Jeff,
I had a couple of Option cards and (I think) a manual that I gave away when I cleaned up
last year. I think I gave the stuff to Mike Haas <dogas(a)bellsouth.net>et>. You might be
able to get him to dig the manual out and check it.
Joe
At 07:48 PM 6/26/02 -0400, you wrote:
Joe,
That makes quite a bit of sense, and how I remember the cabling as
well. I need to make a suitable cable to go from the drive controller
to the option board it would seem. The issue is probably whether or not
the cable has a twist - I would assume it would NOT, since the standard
floppy cable would take care of that.
I've been meaning to set the Option Board up once my PC is back
together, and saw this picture on Ebay:
http://cgi.ebay.com/ws/eBayISAPI.dll?ViewItem&item=2034301058
Looking at the stylized picture on the manual cover, it appears the OB
is replacing the drive controller. Needless to say this doesn't mean
much. I think it's safe to assume that the controller sits between the
drives and the OEM controller.
Would anyone happen to have a manual that could confirm our suspicians?
Thanks,
Jeff
On Wed, 2002-06-26 at 15:50, Joe wrote:
> Jeff,
>
> I used to have one of these so I'll try to answer your questions as best as I
can remember. It goes between the regular disk controller and the floppy drives. I
*believe* you remove the cable from the existing disk controller and plug it into the card
edge connector on the Option card (that preserves any cable twists and drive addresssing)
and then installed a supplied cable between the edge connector of the existing controller
and the row of pins on the Option board. Yes, it can handle two drives. In fact, IIRC it
will handle four drives if your system can handle four drives on a single cable. It does
NOTHING during normal system operation.
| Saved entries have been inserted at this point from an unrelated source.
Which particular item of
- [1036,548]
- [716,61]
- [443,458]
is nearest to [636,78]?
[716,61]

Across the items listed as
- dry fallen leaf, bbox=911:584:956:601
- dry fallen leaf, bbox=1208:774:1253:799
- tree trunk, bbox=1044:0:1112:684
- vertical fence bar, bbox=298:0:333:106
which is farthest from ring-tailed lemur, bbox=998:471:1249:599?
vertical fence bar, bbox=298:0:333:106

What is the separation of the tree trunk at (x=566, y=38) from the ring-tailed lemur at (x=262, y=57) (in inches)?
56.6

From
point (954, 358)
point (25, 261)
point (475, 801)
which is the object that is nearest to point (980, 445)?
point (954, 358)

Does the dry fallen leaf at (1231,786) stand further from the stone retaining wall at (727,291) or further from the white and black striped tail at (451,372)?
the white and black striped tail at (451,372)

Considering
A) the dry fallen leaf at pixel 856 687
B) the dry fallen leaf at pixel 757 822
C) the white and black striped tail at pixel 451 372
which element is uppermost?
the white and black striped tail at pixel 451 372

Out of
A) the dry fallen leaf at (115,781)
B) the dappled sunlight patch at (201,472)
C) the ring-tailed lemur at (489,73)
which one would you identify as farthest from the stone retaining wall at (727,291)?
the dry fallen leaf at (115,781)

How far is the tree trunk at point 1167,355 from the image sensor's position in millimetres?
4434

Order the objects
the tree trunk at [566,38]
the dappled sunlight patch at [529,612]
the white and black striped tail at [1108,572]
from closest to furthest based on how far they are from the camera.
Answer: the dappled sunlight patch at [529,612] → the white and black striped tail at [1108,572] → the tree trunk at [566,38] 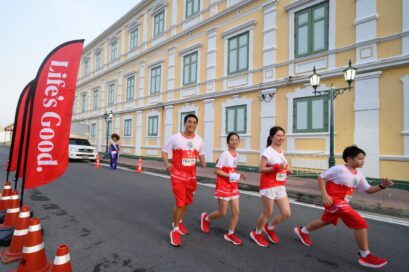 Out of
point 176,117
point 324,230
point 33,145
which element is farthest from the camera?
point 176,117

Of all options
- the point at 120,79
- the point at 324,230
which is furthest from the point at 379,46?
the point at 120,79

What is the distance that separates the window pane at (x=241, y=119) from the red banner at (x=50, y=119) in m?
9.64

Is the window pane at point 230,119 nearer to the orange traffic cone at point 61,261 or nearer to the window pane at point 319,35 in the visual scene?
the window pane at point 319,35

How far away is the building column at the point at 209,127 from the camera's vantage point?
14117 mm

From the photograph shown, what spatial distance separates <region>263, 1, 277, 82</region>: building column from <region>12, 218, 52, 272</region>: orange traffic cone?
10888mm

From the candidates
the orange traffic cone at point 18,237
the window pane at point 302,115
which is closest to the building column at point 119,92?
the window pane at point 302,115

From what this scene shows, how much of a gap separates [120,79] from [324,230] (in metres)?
22.0

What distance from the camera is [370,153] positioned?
8617mm

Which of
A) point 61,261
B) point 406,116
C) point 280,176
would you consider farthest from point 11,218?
point 406,116

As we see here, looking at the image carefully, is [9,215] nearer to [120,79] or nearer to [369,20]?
[369,20]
But when you run the Central Point SW it
completely takes over control of the drives and copies (or edits) ANYTHING on the disk
that the drive can physically access including all the stuff that MS-DOS and standard
drive controllers can't access. You can access 40+ tracks (as many as 43 depending on
the drive) and you can copy, acc!
ss!
, edit the address blocks, CRC blocks, etc etc.
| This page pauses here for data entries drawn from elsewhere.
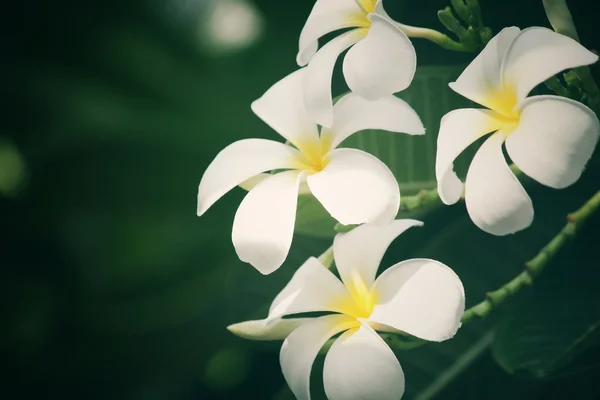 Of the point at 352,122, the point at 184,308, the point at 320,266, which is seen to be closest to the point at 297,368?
the point at 320,266

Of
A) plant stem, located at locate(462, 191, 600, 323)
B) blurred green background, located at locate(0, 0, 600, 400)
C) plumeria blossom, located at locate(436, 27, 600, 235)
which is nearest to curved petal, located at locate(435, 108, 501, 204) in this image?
plumeria blossom, located at locate(436, 27, 600, 235)

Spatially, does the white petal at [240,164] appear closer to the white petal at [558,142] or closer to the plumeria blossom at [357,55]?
the plumeria blossom at [357,55]

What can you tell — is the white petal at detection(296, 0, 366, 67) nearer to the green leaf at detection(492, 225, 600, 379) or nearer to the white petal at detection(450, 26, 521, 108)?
the white petal at detection(450, 26, 521, 108)

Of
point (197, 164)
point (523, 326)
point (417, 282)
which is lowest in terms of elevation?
point (523, 326)

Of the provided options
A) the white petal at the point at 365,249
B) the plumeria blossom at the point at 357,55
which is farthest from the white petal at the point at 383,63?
the white petal at the point at 365,249

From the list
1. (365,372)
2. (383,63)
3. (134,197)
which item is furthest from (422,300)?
(134,197)

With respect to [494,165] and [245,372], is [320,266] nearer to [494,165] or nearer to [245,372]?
[494,165]

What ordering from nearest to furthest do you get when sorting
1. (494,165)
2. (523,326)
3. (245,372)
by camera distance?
(494,165) → (523,326) → (245,372)
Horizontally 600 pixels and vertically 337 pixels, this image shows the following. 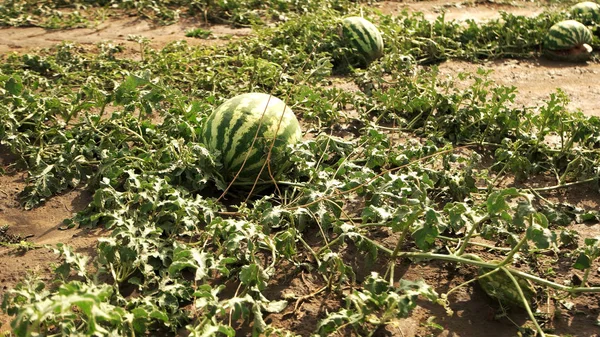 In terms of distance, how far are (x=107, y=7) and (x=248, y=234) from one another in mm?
5271

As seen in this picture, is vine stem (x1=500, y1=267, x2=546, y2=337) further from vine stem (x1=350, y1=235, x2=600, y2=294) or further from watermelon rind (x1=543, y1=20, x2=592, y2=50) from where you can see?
watermelon rind (x1=543, y1=20, x2=592, y2=50)

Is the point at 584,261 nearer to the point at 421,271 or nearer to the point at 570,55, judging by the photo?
the point at 421,271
It can even simulate a laser burned spot or weakly magnetized sectors on a disk. Both of
these were commonly used anti-disk copying gimmicks. I never found a copy protected disk
that I couldn't duplicate with the Option card. I wish I''d keep mine.
Joe
At 06:17 PM 6/26/02 -0400, you wrote:
Central Point Deluxe Option board: I don't recall how this card is
supposed to interface with the disks. There is a card edge connector
and a row of pins on the board. Does the board go inbetween the FDC and
drives, or does it replace the floppy controller entirely? Any special
cabling required, and can it run two drives?